The results are based on four years (2006-2010) of extensive research on the state of ten of the world’s major river basins. The research stresses four basic messages:

  1. Overall basins are capable of supporting populations in 2050, particularly if productivity of rain-fed systems is increased. However, the path to sustainability depends on appropriate policies and institutions. As Professor Aswis Biswas points out in the book’s preface, “… the world is facing a water crisis not because of physical scarcity of water but because of poor management practices in nearly all countries of the world.”
  2. The study also found opportunities to intensify and improve production while protecting essential environmental services, particularly in rainfed areas. In Africa, it was found that the vast majority of cropland is rainfed and only about four percent of available water is captured for crops and livestock.
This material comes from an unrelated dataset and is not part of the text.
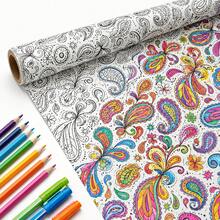 2 Rolls, 5m Each, Black & White Coloring Wrapping Paper Set, Floral Doodle & Paisley Print, Easy-Cut Rectangular Gift Wrapping Paper, Suitable For DIY Coloring, Birthday, Party, Wedding, Craft & All-Season Gift Wrapping - Graffiti Flower - View 3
The CPWF’s Nile Basin work in Ethiopia is focused on rainwater management strategies.
  3. Technical solutions need institutional support. Water institutions that are completely fragmented need to be  radically reformed. The study found water-related conflicts will continue if particular issues like food security and energy production are considered in isolation from one another. In most areas there is a complete fragmentation of how river basins are managed amongst different actors and even countries where the water needs of different sectors – agriculture, industry, environment and mining – are considered separately rather than as interrelated and interdependent.
  4. Likewise, policy needs to take into account all the different ways that water basins are used, including how fish and livestock figure into local livelihoods and diets. For example, the researchers found that in the Niger basin, freshwater fisheries support 900,000 people, while 40 million people in the Mekong depend on fisheries for at least part of the year. In the Nile, researchers note that almost half of the water in the basin flows through livestock systems.

The researchers recommend the establishment of policies that promote collaborative behavior, and support sharing of benefits and risks. CPWF is focusing on benefit sharing mechanisms in the Andes Systems of River basins, where there are numerous clashes between various sectors vying for water resources.

These approaches will be integrated into the recently launched CGIAR Research Program on Water, Land and Ecosystems, which is led by the International Water Management Institute (IWMI). The program aims to address some of the world’s most pressing problems related to boosting food production and improving livelihoods, whilst simultaneously protecting the environment.  The focus is on the following areas: irrigation, rainfed agriculture, river basin management, resource use and recovery, and information.

As the CRP5′s new director Simon Cook concluded, “This new program will not address these areas separately, but in an integrated manner to ensure we are having real impact on how natural resource are managed”.